---- RECORDS FOR PROCESSING
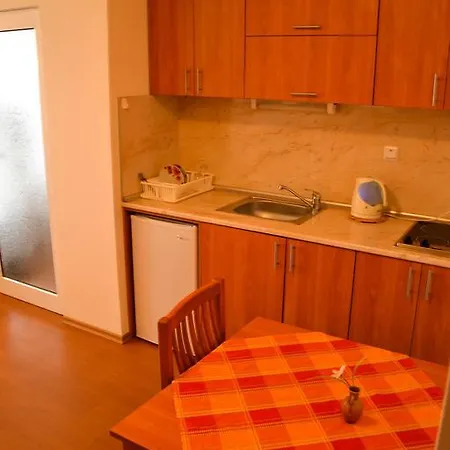 Apartament Rainbow Słoneczny Brzeg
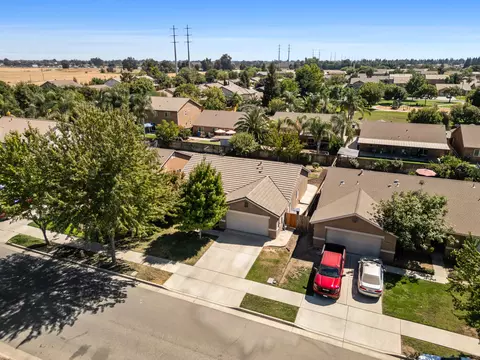 View/Area - 4331 E Oak Ave, Visalia, CA 93292 photo 2 of 5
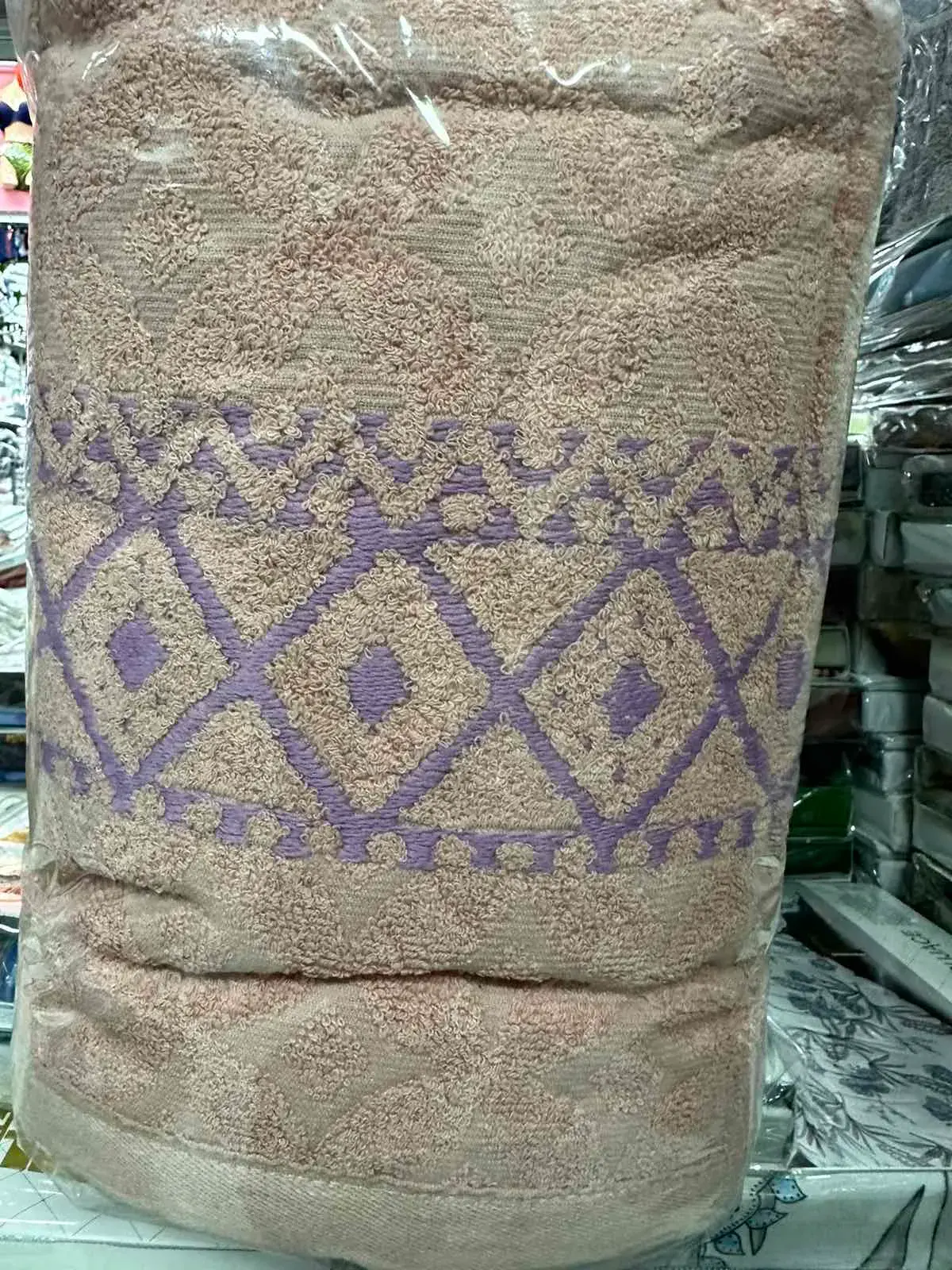 Ręcznik Bawełniany 70/140 beżowy z fioletowym wzorem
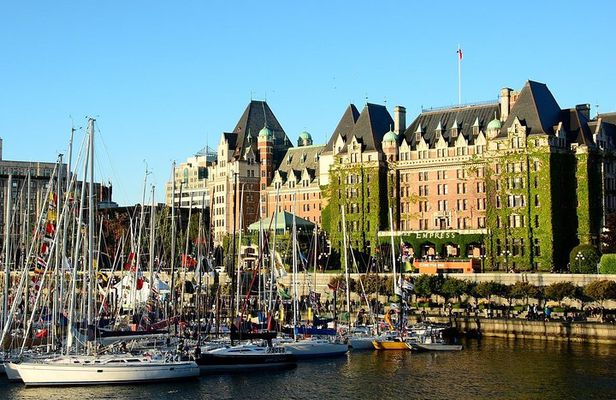 Private Tour: Victoria and Butchart Gardens Day Trip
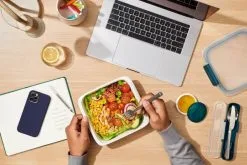 OXO Prep & Go Salatbeholder - Praktisk madkasse til frisk salat og madopbevaring 8 OXO Prep & Go Salatbeholder - Praktisk madkasse til frisk salat og madopbevaring -Møbelbutik 3990 c09ee973 1fb1 4b0e 8477 ea9ad2c3ea5b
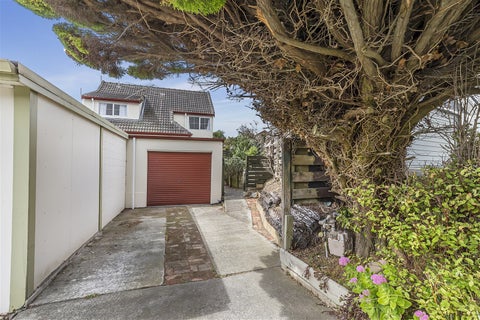 11 Abilene Crescent, Churton Park, Wellington
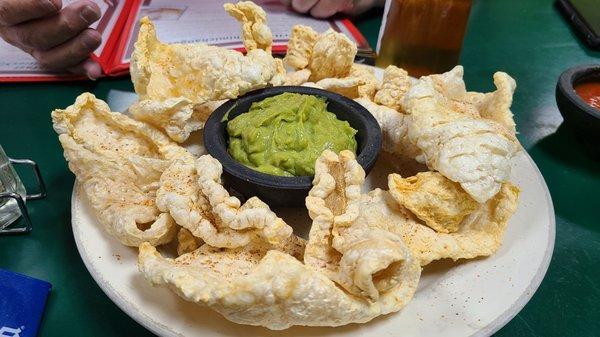 Guacamole with chicharrones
--------
- _REQUIRED ACTION_:
Exactly the lines from the one containing "11 Abilene Crescent, Churton" to the final line of the entries are wanted; please write them out, both ends included, but not the pictures.

- _ANSWER TO THIS PROBLEM_:
 11 Abilene Crescent, Churton Park, Wellington
 Guacamole with chicharrones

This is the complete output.